The Israeli Version of ‘Argo’ Is Even Better
The unbelievable story of Israel’s last military diplomat in Iran
If you saw this year’s Best Picture-winning film Argo you might have appreciated how real and intense the film made the plight of six American diplomats trapped in Tehran seem.
In an (excellent) interview with Fresh Air, director/actor Ben Affleck let it slip that, without extensive information on the minute-by-minute happenings of the operation, the film had taken some creative liberties with the story. If you’re looking for the real thing, I’d recommend this story about Brig. Gen. Itzhak Segev’s mission to get 32 Israelis, who were in Tehran as the revolution began, out of the country.
In between frantic phone calls to the Israel Defense Forces headquarters and the Foreign Ministry in Israel, he browsed his address book in the hope of exploiting his myriad contacts with the country’s most influential people.
“I phoned air force Cmdr. [Amir Hossain] Rabii, a very good friend of mine, and told him: You have 2,000 aircraft.

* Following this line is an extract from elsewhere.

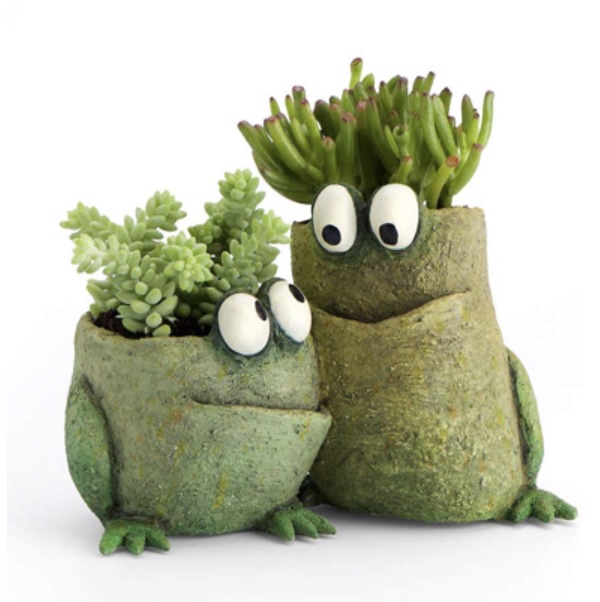 Baby Frog Pals Mini Planter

Give me one. But he said the ayatollahs now controlled all the air bases. ‘If you find a way out, let me know and I’ll join you.’ I put the phone down and called Gen. [Manuchehr] Khosrodad, the commander of the Paratroopers Brigade, who had been my guest in Israel a few times. But he told me that the airborne division he commanded had been taken away from him,” Segev recounts.
“A few days later he called me and said: I found a helicopter and I plan to flee to Saudi Arabia. I’ve got an extra seat; you’re welcome to come with me. I refused because I couldn’t leave the others behind. But while I was on the phone to him, I saw a breaking news report on TV saying that Gen. Khosrodad was about to leave the country and should be brought before the Revolutionary Council. That night I saw his execution live on TV.”
Check out the rest here. According to the story, Nextbook author David Mamet has taken interest in the story, but nothing has come of it yet.
Just saying, I would definitely see that.